The one thing people freak out about most when I talk about this method is the lack of documentation. They conjure up nightmare scenarios where one of the developers is hit by a bus and "no one knows how their stuff works", or point out that new developers won't have anywhere to start. Both of these are non-issues though, so long as you stick to the process and don't write terrible code.

If any member of the team doesn't know how a component works enough to get in there and complete a task, then it's time to get that person working on one of those tasks. Knowledge transfer happens best through doing, which means making sure that every member of the team has her fingerprints on every part. To put it in real terms, if Daniel gets hit by a bus, the project can go on because Aileen, Charlie, and Aisha have all spent some time poking at the payment engine. Not one of them wrote the whole thing, but the understanding is there.

Of course this can only happen if the code is readable and adheres to established standards. Variable names should be in the common language of the team and be whole words, method calls should be given names that explain what they do, and class names should make sense as singular objects. If the code can't be understood by someone who's never seen it before, then it's broken by design. Making sure that everyone has an opportunity to interact with this code is the best way to ensure it's readability.

Be Rigid

Probably the hardest part of agile software development is sticking to the process. As simple as it is, it's just too easy to fix a bug that someone found that isn't in the sprint, or add a simple feature that the client mentioned earlier that day. If agile is going to work, this can't be allowed to happen, and a lot of people have a hard time with this.

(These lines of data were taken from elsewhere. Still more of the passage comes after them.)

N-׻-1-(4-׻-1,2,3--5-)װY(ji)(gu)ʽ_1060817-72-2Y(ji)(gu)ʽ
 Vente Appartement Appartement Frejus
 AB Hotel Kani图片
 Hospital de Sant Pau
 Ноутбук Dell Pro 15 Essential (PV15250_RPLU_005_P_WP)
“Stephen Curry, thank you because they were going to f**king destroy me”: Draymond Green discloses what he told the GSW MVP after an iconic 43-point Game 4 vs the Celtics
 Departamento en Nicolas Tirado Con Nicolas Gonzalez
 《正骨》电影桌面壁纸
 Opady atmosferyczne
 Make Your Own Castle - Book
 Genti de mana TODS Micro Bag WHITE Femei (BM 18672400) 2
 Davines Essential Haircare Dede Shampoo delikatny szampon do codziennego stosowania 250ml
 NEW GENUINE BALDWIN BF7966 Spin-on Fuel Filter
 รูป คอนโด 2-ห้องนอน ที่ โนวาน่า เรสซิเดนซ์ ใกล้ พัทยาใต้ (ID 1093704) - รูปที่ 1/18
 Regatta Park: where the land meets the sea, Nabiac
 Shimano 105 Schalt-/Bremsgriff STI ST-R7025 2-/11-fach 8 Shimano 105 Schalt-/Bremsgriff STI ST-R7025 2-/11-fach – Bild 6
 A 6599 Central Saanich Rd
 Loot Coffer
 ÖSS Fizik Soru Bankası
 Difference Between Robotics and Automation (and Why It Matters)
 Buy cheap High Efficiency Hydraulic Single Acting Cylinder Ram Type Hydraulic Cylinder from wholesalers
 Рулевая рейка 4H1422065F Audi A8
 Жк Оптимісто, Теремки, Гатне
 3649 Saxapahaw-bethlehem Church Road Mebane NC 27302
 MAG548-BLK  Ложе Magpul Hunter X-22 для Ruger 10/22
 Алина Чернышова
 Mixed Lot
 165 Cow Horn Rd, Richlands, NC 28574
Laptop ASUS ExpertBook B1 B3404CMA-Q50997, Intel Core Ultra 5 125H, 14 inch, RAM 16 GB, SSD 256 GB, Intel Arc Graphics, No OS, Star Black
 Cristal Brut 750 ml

What you have to remember is that while the process feels pointlessly rigid, it's there to protect the team and ensure that the client gets exactly what was promised on the schedule that was promised. Adding in bug fixes can potentially derail the schedule, or introduce bugs that shouldn't have been there in the first place. It teaches the client that she can have whatever she wants whenever she wants, and as it's not part of the agreed sprint, she may try to get away with not paying for it.

From the developer side, it's important to remember that we like lists. If we can look at the list of stuff to do and know that that's all that's ever going to be there for the whole sprint, this introduces a sense of calm, and knowing exactly what's expected.

To this end, it's important to reward a team that manages to complete its sprint ahead of schedule. If they get everything finished by Thursday, let them take Friday off. The project is exactly as far along as you expected, so why not? Similarly, if the team is routinely late in completing the sprint, overtime is justified since the entire team helped write the sprint schedule during the planning meeting.

Conclusions

What makes agile work is having a simple and concise plan to follow, that has been agreed upon by all parties. I've worked at companies that implement this system without involving the developers so the schedule is imposed by people who have no knowledge of what actually needs to be done. I've also worked at companies where the developers run the schedule, which is to say, there's barely any schedule at all and the results are products that "mostly work", according to whatever the developer at the time thought was appropriate. As with so many other things, the key is openness, honesty, and inclusion in the process for all sides.

Agile is a system that everyone understands and agrees to, but doesn't get in the way of actually getting stuff done. It protects all parties involved from undue stress, and unexpected results, and I can honestly say that it was (at least for me) the best system to work with.